*** Task material Section Begins ***

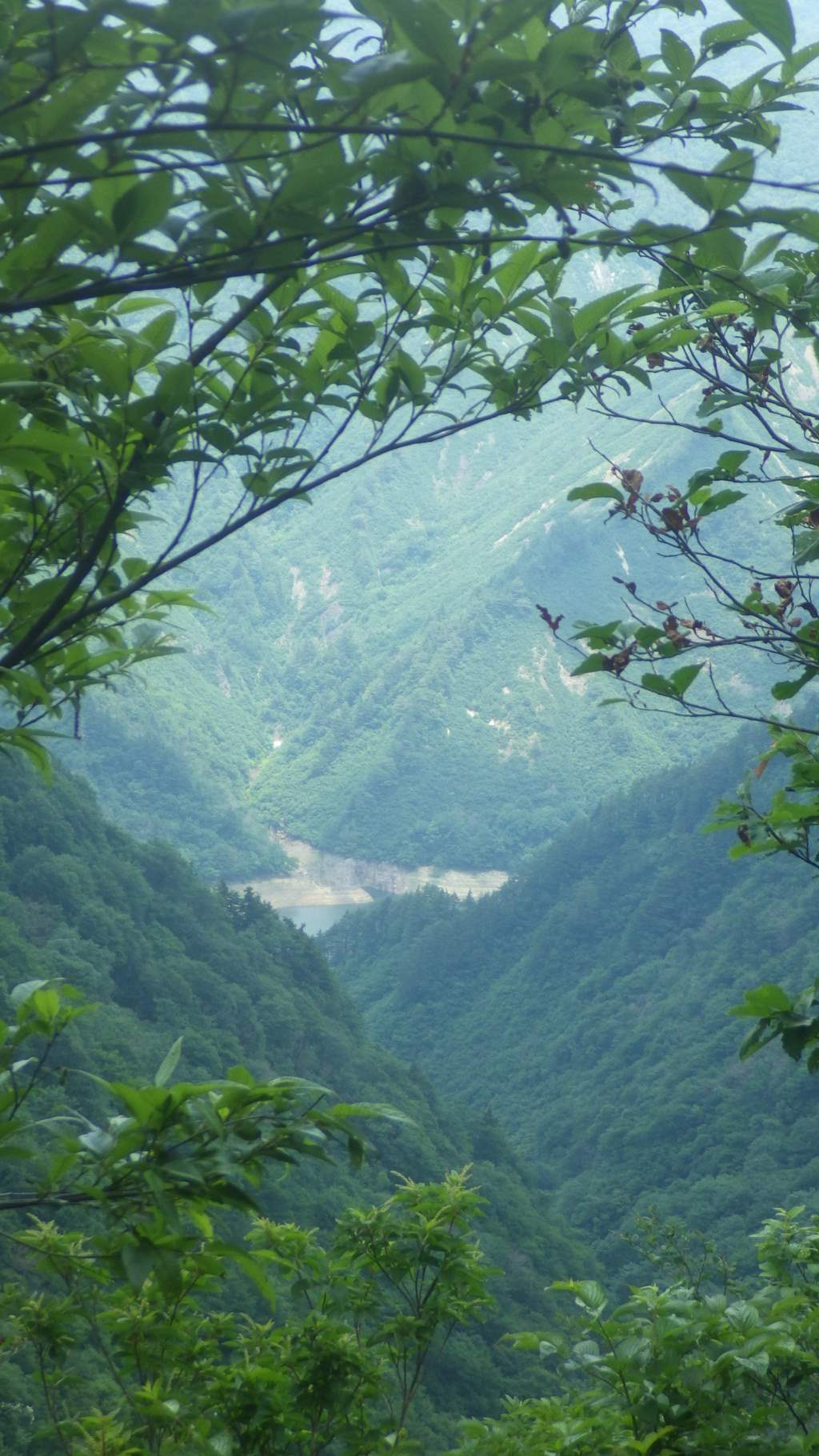 NET�R�x��hHALU�h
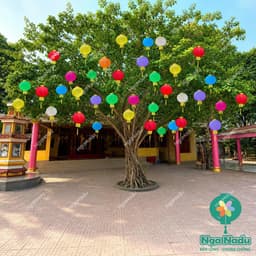 Đèn Lồng Vải Tròn CÓ RÂU Chống Nước  trang trí Tết Trung Thu,khai giảng,lễ hội trường học,nhà chùa,khu du lịch giá sỉ 2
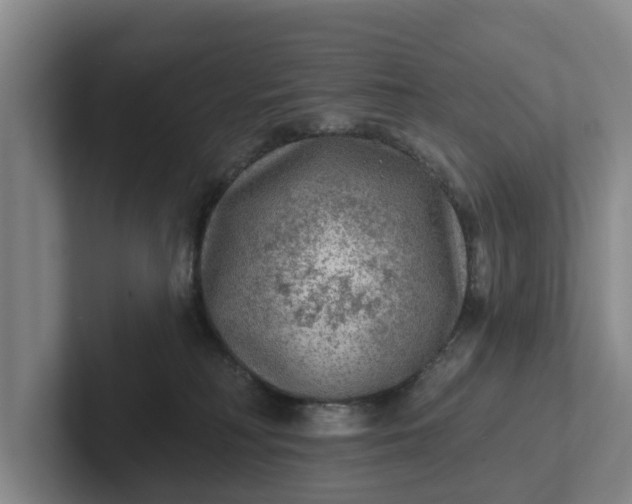 X0000102280230200808081509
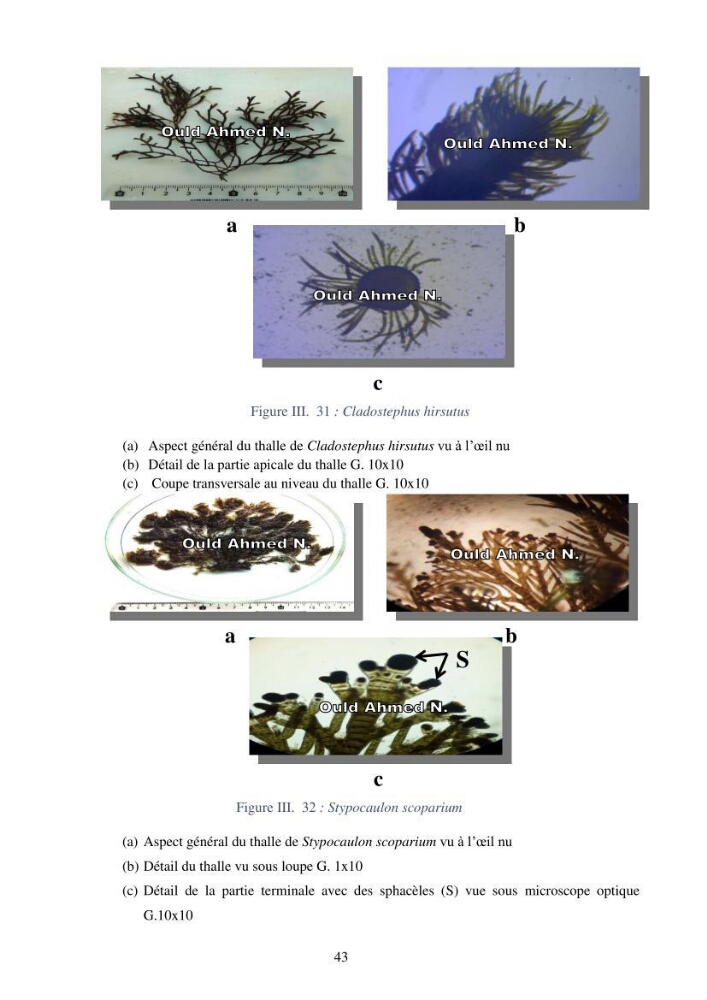 Etude des algues marines de la région de Tipaza :taxonomie et mise en évidence des espèces à intérêt aquacole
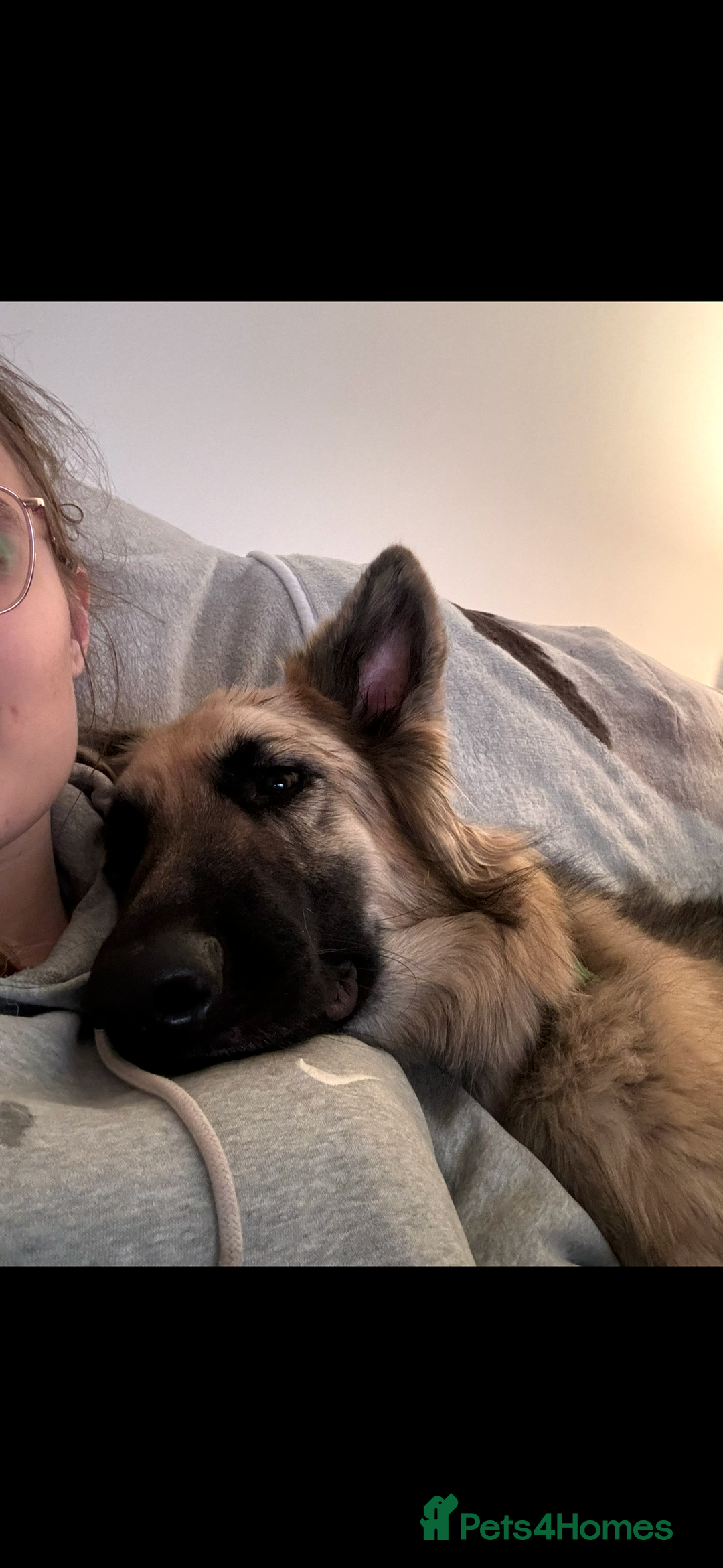 German Shepherd dogs for sale: URGENT home needed for my dogs - Image 19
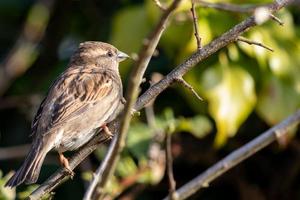 Sparrow resting on a branch in the spring sunshine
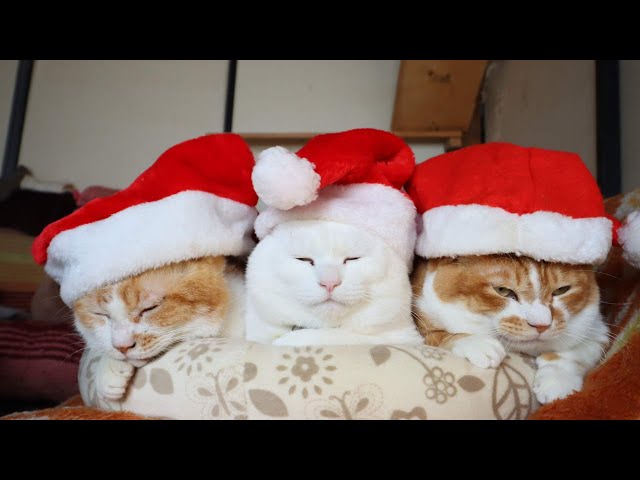 ♡感謝SALE♡ぐでねこちゃんとクリスマスツリーチャーム　とらねこ×サンタ帽子 クリスマス サンタ帽子 のせ猫 Santa Claus hats 251224 - YouTube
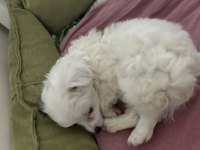 ALERJİM SEBEBİYLE MİNİK BEBEK KÖPEĞİMİZ YUVA ARIYOR ACİL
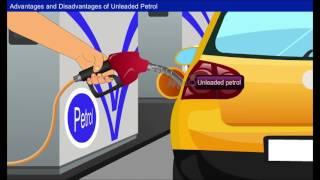 Unleaded and Synthetic Petrol [Year-1]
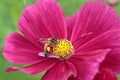 Honeybee pollinated of red flower Royalty Free Stock Photo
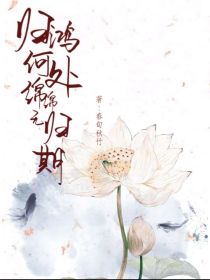 归鸿何处绵绵无归期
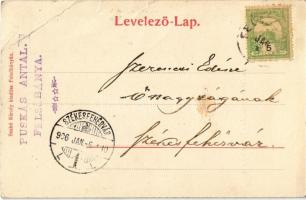 1906 Felsőbánya, Baia Sprie; Siegmeth Károly menedékház a Fekete-hegyen. Túry József amatőr felvétel...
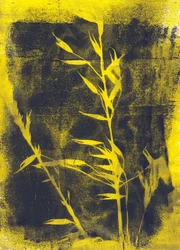 Yellow Leaves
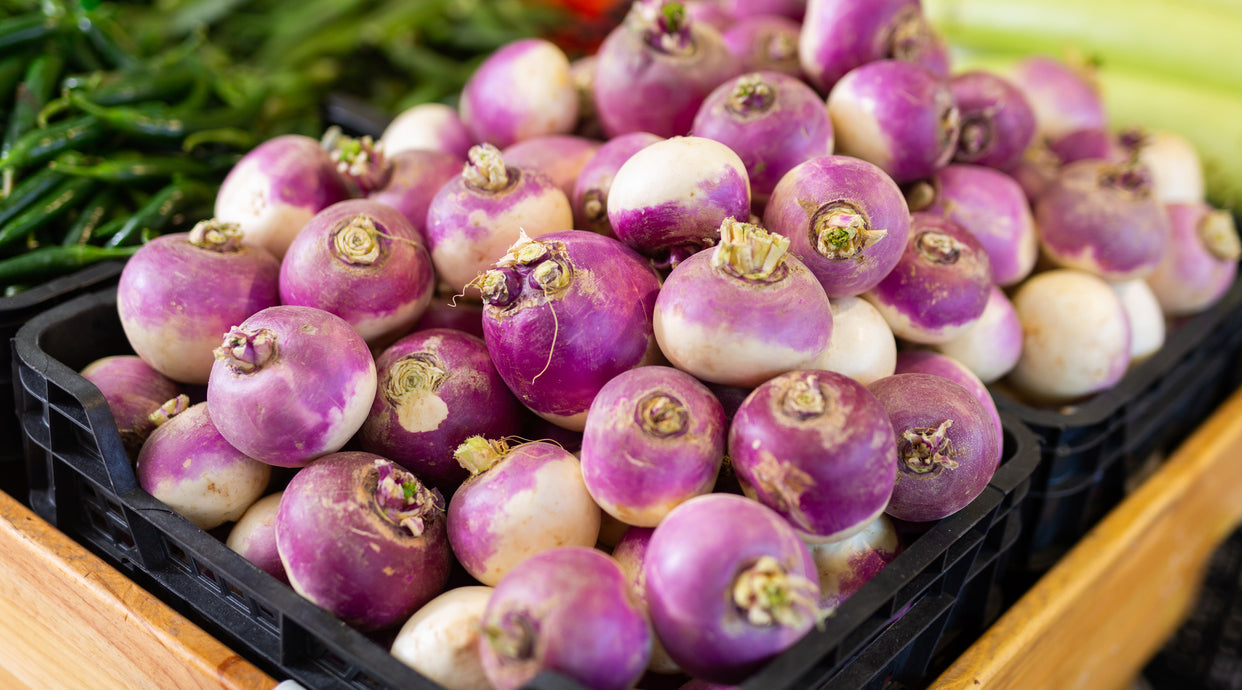 Turnip Purple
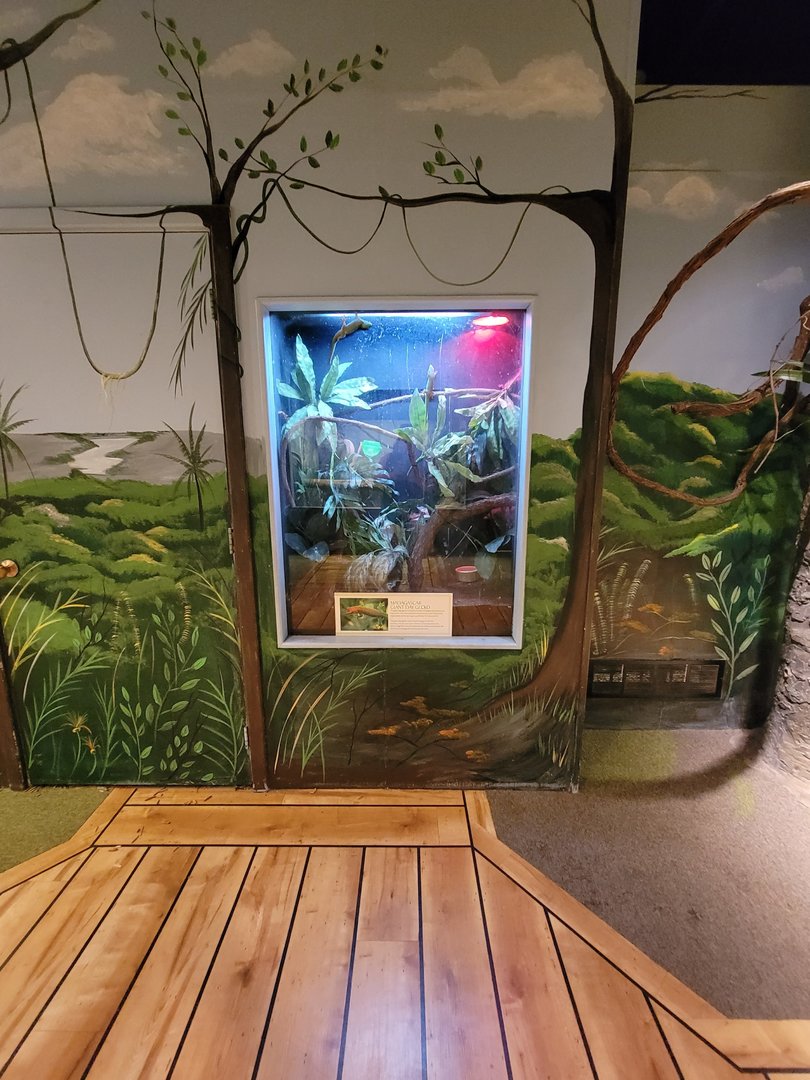 Oglebay Good Zoo - Madagascar giant day gecko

*** Task material Section Ends ***

- **Aim of the task**:
Return only the lines from the start of the data through the line that contains "ALERJİM SEBEBİYLE MİNİK", please, copying them exactly and omitting all pictures.

- **Answer section**:
 NET�R�x��hHALU�h
 Đèn Lồng Vải Tròn CÓ RÂU Chống Nước  trang trí Tết Trung Thu,khai giảng,lễ hội trường học,nhà chùa,khu du lịch giá sỉ 2
 X0000102280230200808081509
 Etude des algues marines de la région de Tipaza :taxonomie et mise en évidence des espèces à intérêt aquacole
 German Shepherd dogs for sale: URGENT home needed for my dogs - Image 19
 Sparrow resting on a branch in the spring sunshine
 ♡感謝SALE♡ぐでねこちゃんとクリスマスツリーチャーム　とらねこ×サンタ帽子 クリスマス サンタ帽子 のせ猫 Santa Claus hats 251224 - YouTube
 ALERJİM SEBEBİYLE MİNİK BEBEK KÖPEĞİMİZ YUVA ARIYOR ACİL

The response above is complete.